→ WORK INSTRUCTION
Leaving out every picture, copy the lines of the material below exactly, from the line containing "Ivory boucle armchair" through the line containing "Woman Trims Dried".

+++ RECORD EXCERPTS +++

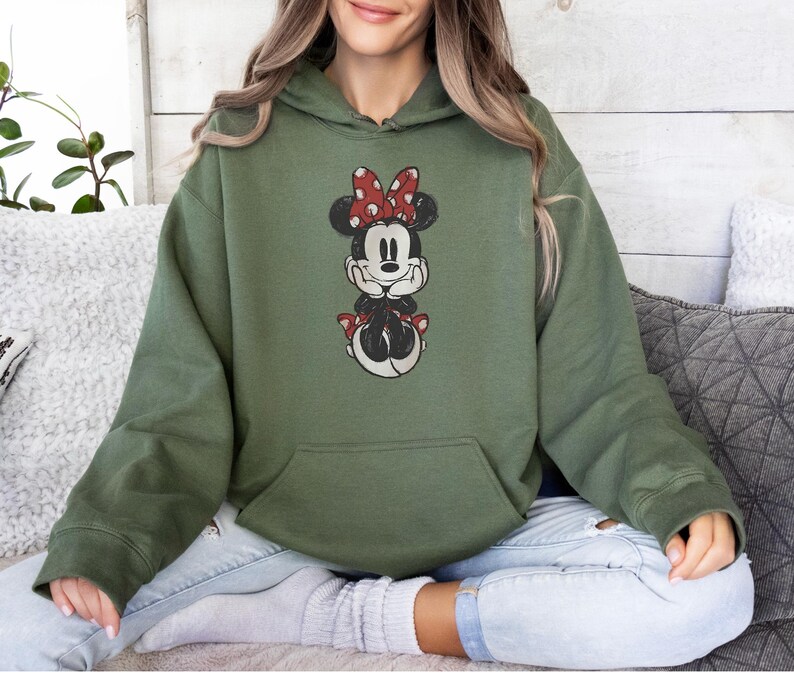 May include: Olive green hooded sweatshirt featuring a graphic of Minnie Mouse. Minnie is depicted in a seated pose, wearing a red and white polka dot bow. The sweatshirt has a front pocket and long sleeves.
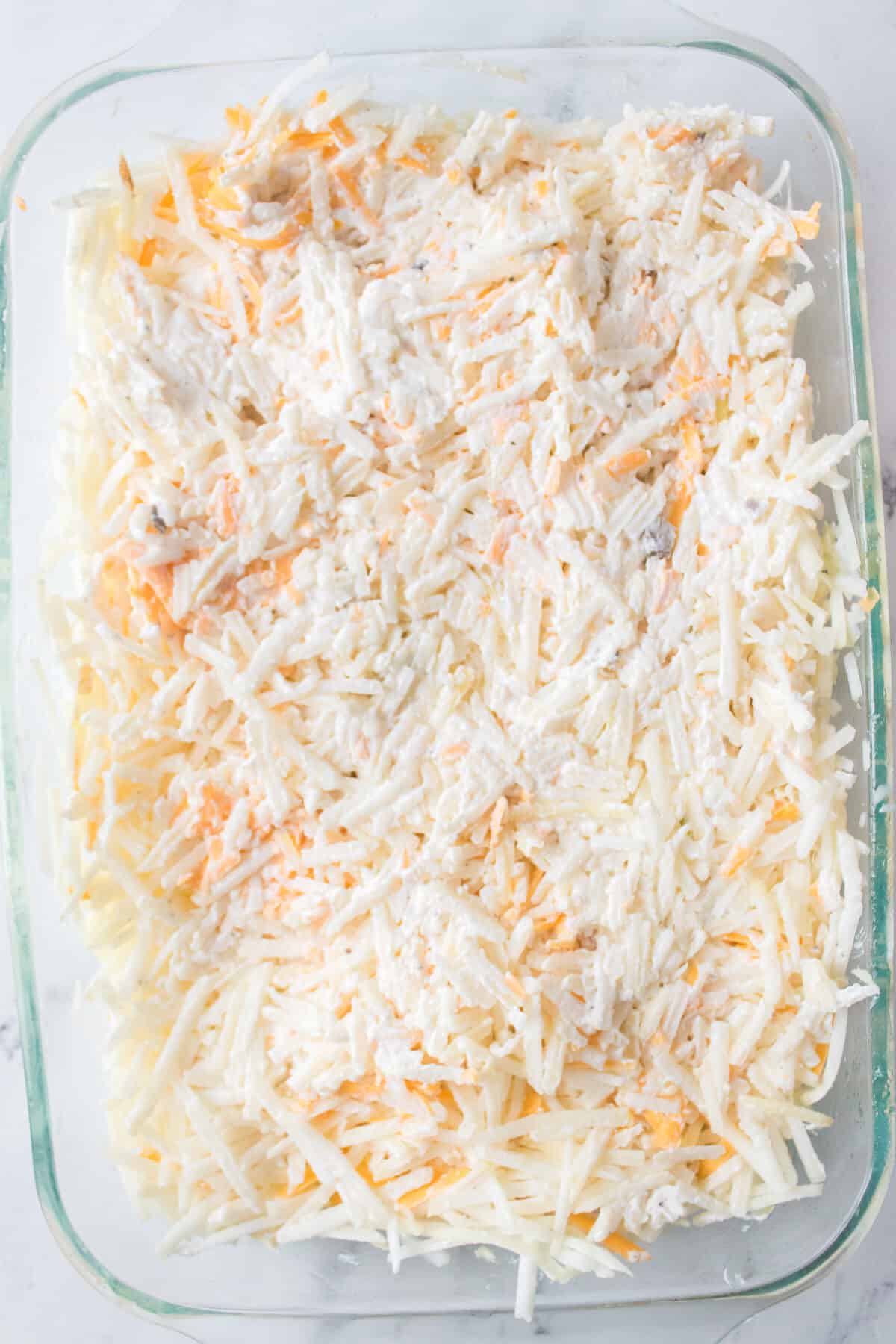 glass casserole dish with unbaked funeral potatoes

+++
+++ RECORD EXCERPTS +++

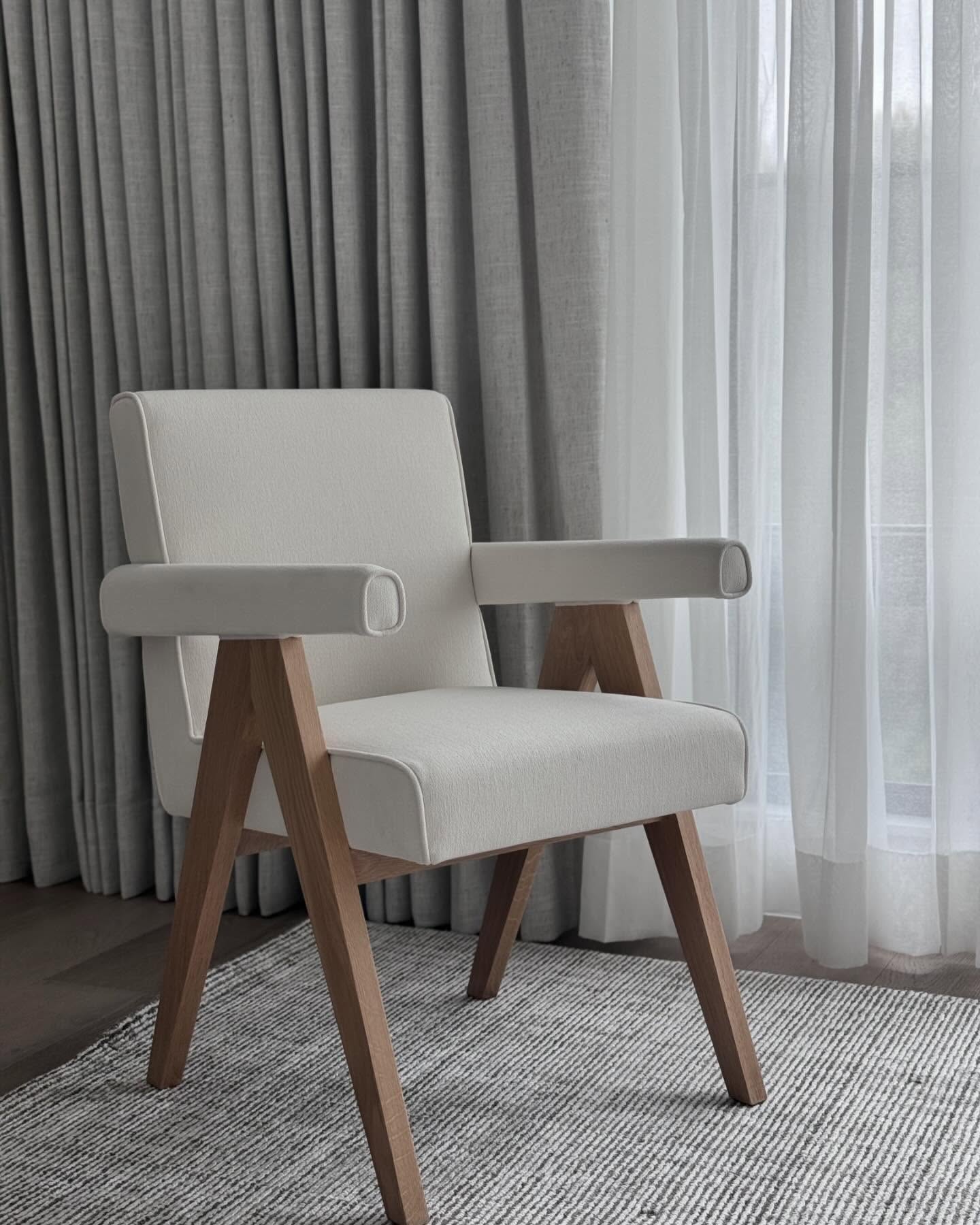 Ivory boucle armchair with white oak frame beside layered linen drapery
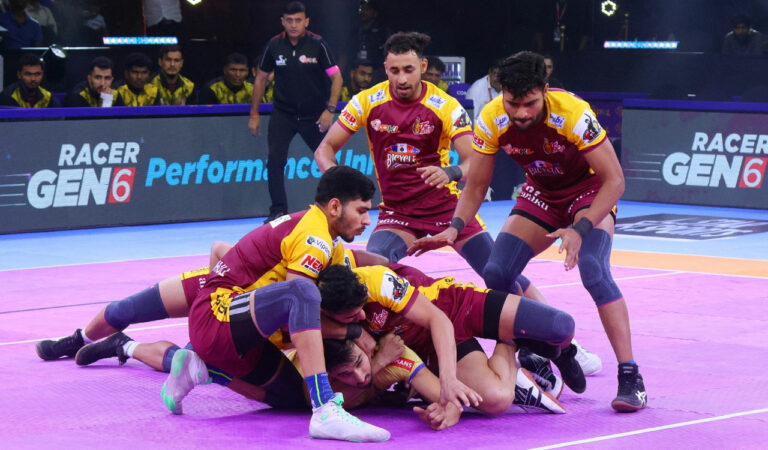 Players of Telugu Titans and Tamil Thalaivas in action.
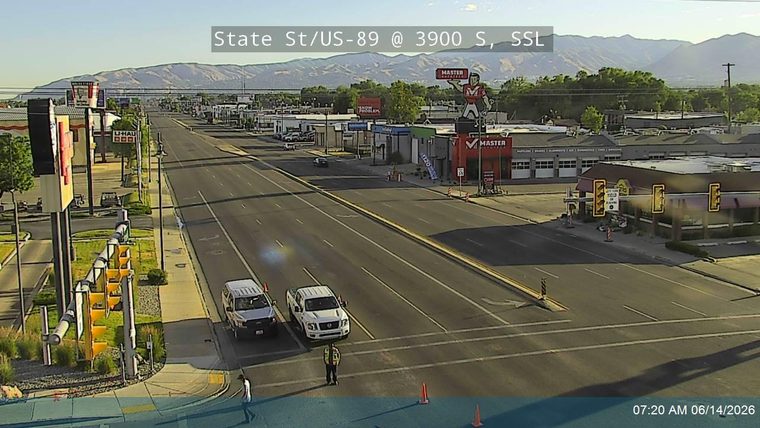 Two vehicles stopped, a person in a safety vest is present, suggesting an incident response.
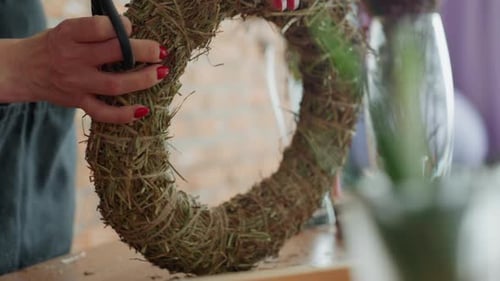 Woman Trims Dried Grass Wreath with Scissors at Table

+++
+++ RECORD EXCERPTS +++

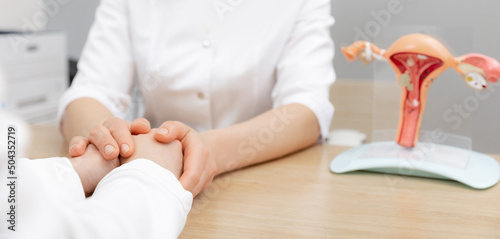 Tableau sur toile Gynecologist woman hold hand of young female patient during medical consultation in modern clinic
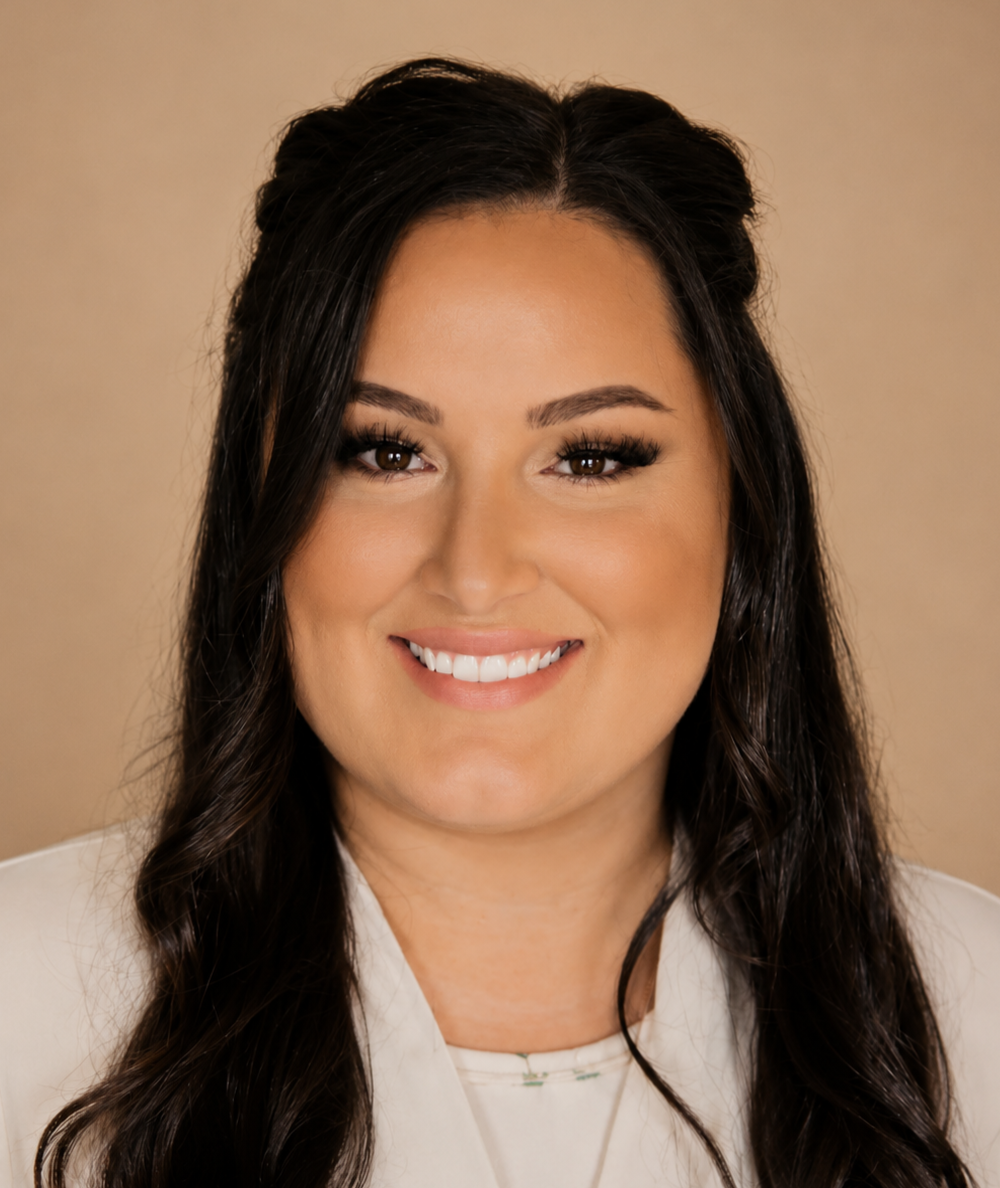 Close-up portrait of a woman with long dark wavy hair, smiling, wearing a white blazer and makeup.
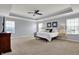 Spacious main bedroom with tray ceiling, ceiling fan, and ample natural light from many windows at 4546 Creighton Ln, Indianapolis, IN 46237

+++

→ SOLUTION TO THIS PROBLEM
 Ivory boucle armchair with white oak frame beside layered linen drapery
 Players of Telugu Titans and Tamil Thalaivas in action.
 Two vehicles stopped, a person in a safety vest is present, suggesting an incident response.
 Woman Trims Dried Grass Wreath with Scissors at Table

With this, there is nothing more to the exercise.